On the other end: a "very nice" woman selling an insurance policy that Bagley said sounded too good to be true, though she can't quite recall what made that policy different or better than any other.
"I trusted the saleswoman, is I guess what it was," Bagley said. "She was a very nice person."
It wasn't until later, after a dinner meeting with investment adviser Kelly F. Bills, that she began to wonder. And not even then, really.
"The policy took me $2,000 to get it, and then they were taking out the yearly payment out of the principal," said Bagley, who is in her 80s. "I didn't know how it worked."

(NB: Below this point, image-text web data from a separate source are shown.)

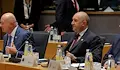 Румен Радев изпрати писмо до Роберта Мецола относно резолюцията за Черно море
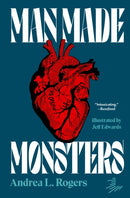 Man Made Monsters-9781646144617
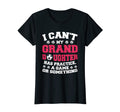 Womens My Granddaughter Has Practice T-Shirt - Graphic Print Men Women - T-Shirt, Sweatshirt, Hoodie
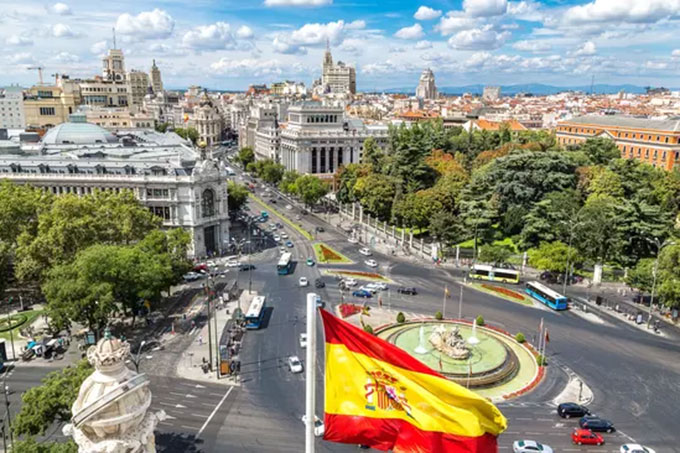 Mayor plays down Madrid's F1 (…)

Here's how it "worked," according to Bills, who spent about a year working on Bagley's behalf as part of his affiliation with The St. Jude Project, a Utah-based volunteer group he founded to retrieve money for seniors who've been victimized by investment or other financial companies:
The Bagleys were advised by an investment adviser from their bank, who advocated using their life savings to buy an insurance policy that ostensibly would provide tax-free income for their retirement while at the same time adding to the estate they left to their children. In reality, Bills said, the policy was grossly overpriced and did not provide an income payment of any kind.
"What I remember is that they made it sound like it was the only way to go," Bagley said. "It was kind of over my head. She (the woman who sold Bagley the policy) was a really nice lady, and that's why I was hesitant to try to get the money back. I didn't want to hurt her. But then I realized it just wasn't a very good deal."
In the end, Bagley said, Bills retrieved the entire amount of her investment in the policy about $60,000, as she recalls, plus interest. But others aren't so lucky. And, according to a passel of studies recently released by senior-focused organizations, as the baby boomer generation reaches retirement and beyond, seniors are, and will be, prime targets for fraudsters.
A new survey from the North American Securities Administrators Association found that an estimated 44 percent of all investor complaints to state securities regulators are by seniors. About a third of all enforcement actions taken by state securities regulators involve senior investment fraud, the NASAA reported.